Consider the Total Cost of Ownership of Your Measurement Ecosystem

Tools such as Google’s Meridian or Facebook’s Robyn bear exploring, as in our opinion, the more marketers embrace measurement as a whole, the better. This set of Python libraries has provided a set of MMM capabilities that companies can build upon.

However, organizations looking to build an integrated, always-on and connected culture of quantitative planning that consistently, year-over-year produces more sales, better MROI and stronger customer equity for their brands should be sure they are considering the Total Cost of Ownership of the measurement ecosystem.  And it’s not just providing sets of modeled outputs.

Recommendations must be tracked, measured, evaluated and the results recalibrated in a manner that provides clients with the agility, speed and flexibility to quickly react and adjust to maximize the impact of their investments. The core data science components are crucial but a surprisingly small piece of the pie.

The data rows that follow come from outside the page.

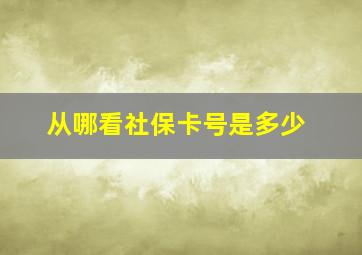 从哪看社保卡号是多少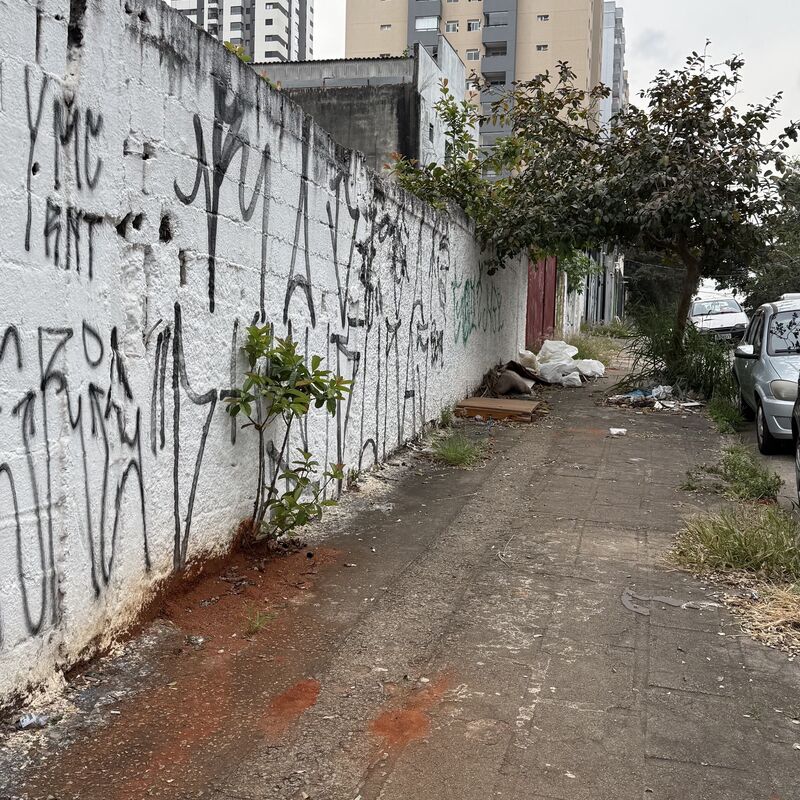 Imagem da publicação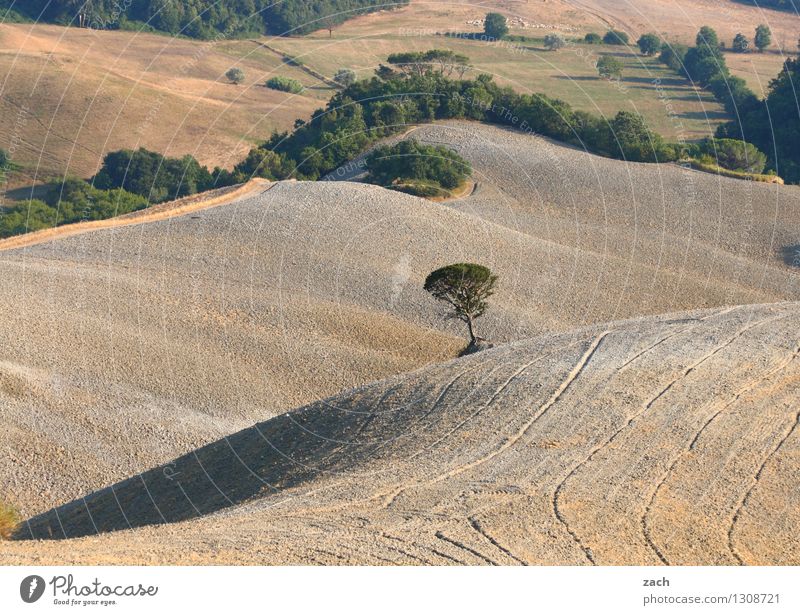 Einzelkämpfer Umwelt Natur Landschaft Urelemente Erde Sand Klimawandel Dürre Pflanze Baum Feld Hügel Wüste Italien Toskana dehydrieren Wachstum trocken braun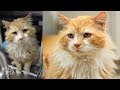 【感動実話】元の家族が忘れられなくて、20kmもの道のりを歩いた猫。保護施設で優しい里親さんに迎えられ、新しい人生を歩み始める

It is the sum of the parts that make successful MMM solutions work.  These also include specialized and experienced MMM resources, infrastructure, data feeds, quality management and harmonization, model ops, benchmarking and scenario planning tools, not to mention the work related to changing embedded behaviors related to processes that do not heavily rely on data-driven decisions. Moreover, it is absolutely essential that the team and software involved be able to fully integrate both the internal and external media and business planning groups in a manner that’s consistent with their ‘go to market’ strategy and tactics.

It is not uncommon for a global MMM program to require 15-20 dedicated resources to support continuous data, modeling, training, insight development, cross-functional organization integration and adoption, and market activation. This resource requirement and the specialized combination of skills and integration points should not be underestimated when budgeting for a sustainable, always-on and connected internal capability.

The evolution of data and analytics has enabled companies to leverage tera and petabytes of data to gain measurable competitive advantages that materially and positively impact on their top and bottom lines. Fully realizing the gains and return on investment from measurement programs means ensuring your marketers can leverage the richness of data available today (even in a post-cookie world), both via advanced data science techniques and end-user planning tools that operate at sufficient granularity and remain easy to use.